Cardinal DiNardo to US bishops: Avoid despair, presumption in addressing abuse crisis

Cardinal Daniel DiNardo Credit Gabriel BouysAFPGetty Images Cardinal Daniel DiNardo at the March 2013 Vatican conclave. | Gabriel Bouys/AFP/Getty Images

Cardinal Daniel DiNardo opened the fall assembly of the U.S. Conference of Catholic Bishops (USCCB) with a speech calling for bishops to avoid the two temptations of "despair and presumption" as they address the sexual abuse scandals facing the Church.

In his opening speech, given as president of the USCCB, DiNardo said that the Church must rely on "trusting faith," and "living memory" as it seeks to support victims of abuse and to reassure the faithful.

DiNardo's address was clearly amended to account for the surprise announcement that the Holy See had blocked the bishops from voting on two key proposals.

Shortly before his speech, the cardinal told the hall that he had been instructed by Rome that the U.S. bishops were not to vote on a proposed new set of standards for episcopal conduct or on the creation of a new lay-led body to investigate episcopal misconduct. Instead, the American bishops have been told to wait until after a special meeting of the presidents of the world's bishops' conferences called by Pope Francis for February.

Despite the sudden change to the conference agenda, DiNardo said that the American bishops take the abuse crisis seriously.

"We remain committed to the program of episcopal accountability. Votes will not take place, but we will move forward," DiNardo told attendees.

Addressing survivors in the first person, the Archbishop of Galveston-Houston said, "I am deeply sorry."

"In our weakness we fell asleep," he said, while calling for a renewed vigilance, both against abuse and against paralysis in the face of recent scandals.

Despair, he said, must yield to the knowledge that the Church "has always been and will always be the body of Christ" which the bishops are called to serve as members.

On the other hand, DiNardo also warned against presuming that the current crisis would just "blow over" or worse, was a crisis of the past not the present. While noting that many of the recent scandals concerned cases of abuse from past decades, he said that the Church could not presume that victims should "heal on our timeline."

Progress has been made, DiNardo told the bishops, but they must remain "willing but also ready to ask forgiveness" of victims, survivors and the faithful. Bringing healing to the sexual abuse crisis will require "all our spiritual and physical resources"

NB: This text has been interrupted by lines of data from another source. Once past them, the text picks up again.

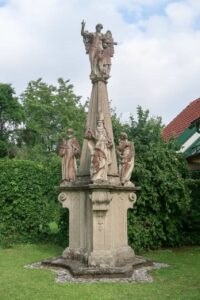 Schutzengel Säule in Schloss Rosenau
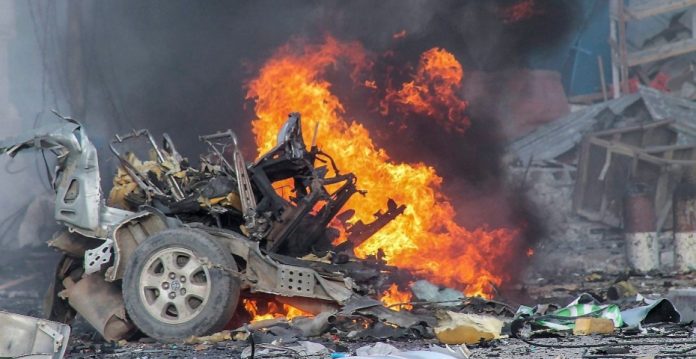 Un automóvil en llamas tras el atentado de Al Shabaab del pasado 1 de noviembre contra el Hotel Sahafi de Mogadiscio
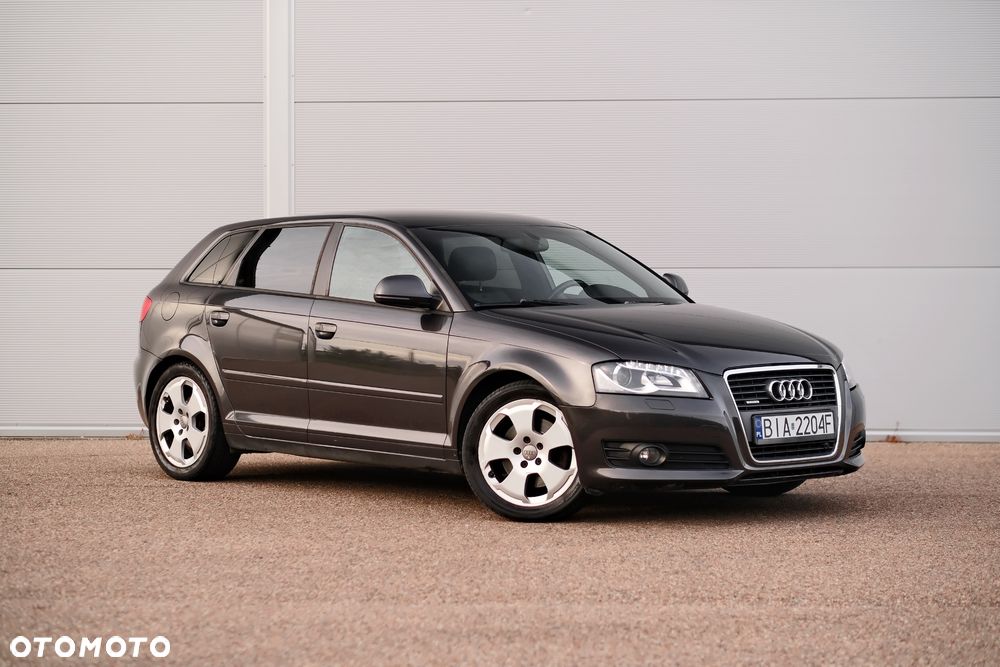 Audi A3 Sportback 2.0 TDI DPF quattro S line Sportpaket (plus) - 2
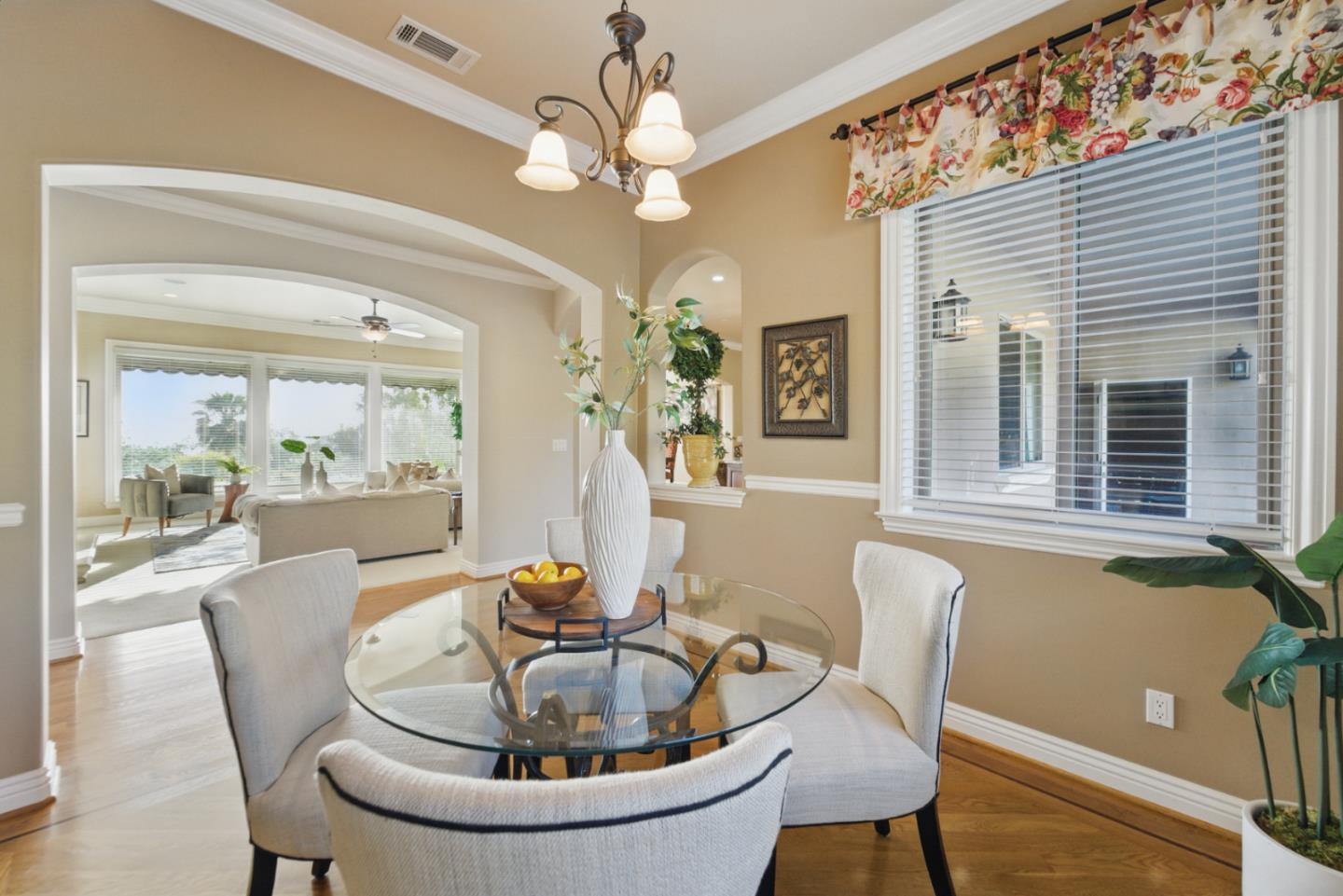 Detail Gallery Image 13 of 111 For 2302 E Valley Ct, San Jose,  CA 95148 - 4 Beds | 3/1 Baths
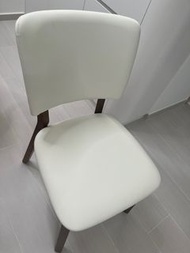 現貨 Chair 餐椅 椅子 胡桃木 木椅子 木餐椅 軟墊 舒適 柔軟 soft comfy comfortable chairs table dinning table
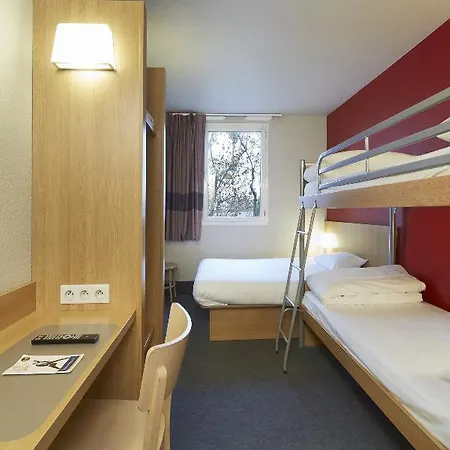 Hotel Porte De La 3*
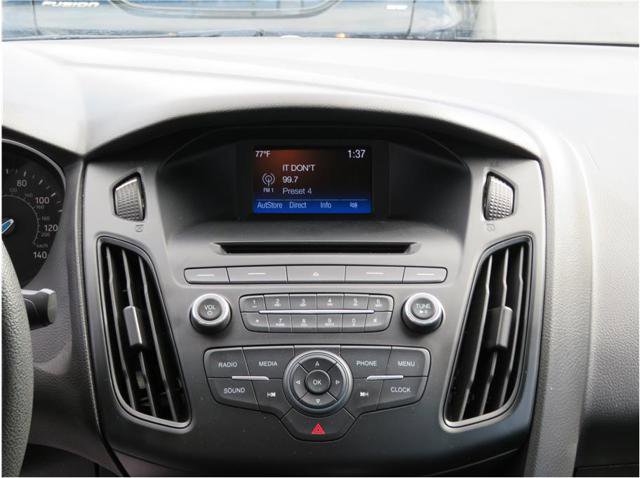 Used 2015 Ford Focus SE image 7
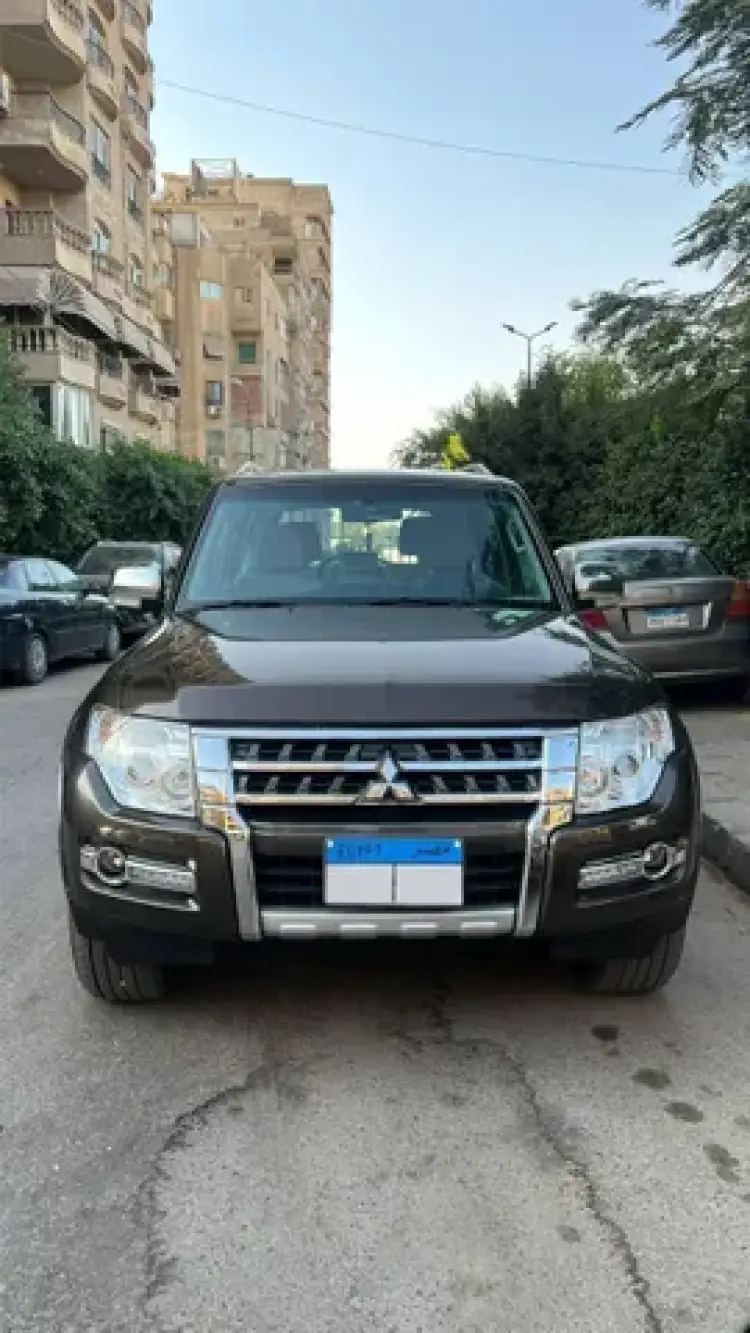 mitsubishi pajero image Mitsubishi Pajero 2021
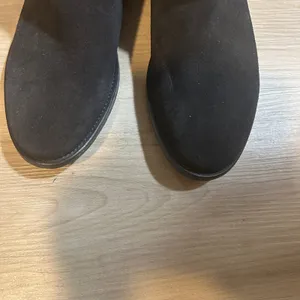 ORO Handmade in Spain‎ 6 Black Suede Leather Chelsea Ankle Boots thumbnail 4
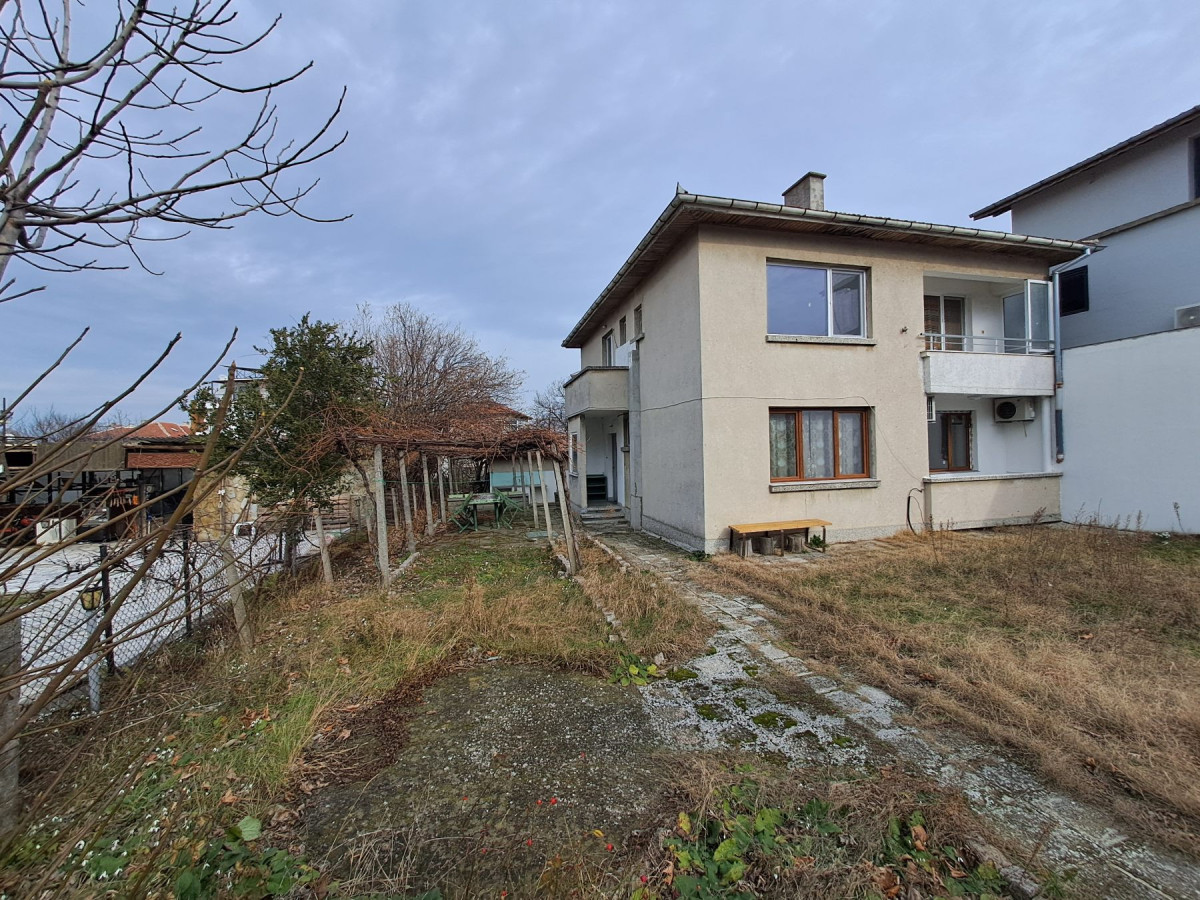House in Lozenets - Property Details 1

"It is only after listening that we can carry out the changes needed," DiNardo said, ending with a plea to the bishops that the conference proceed untied in humility.

"Let us submit to the Holy father and to each other in a spirit of fraternal correction," he said.

"Brothers, we have fallen into a place of great weakness. We must act right here and right now to better serve our sisters and brothers."

"We can begin to clean and then to heal the lacerations in the body of Christ."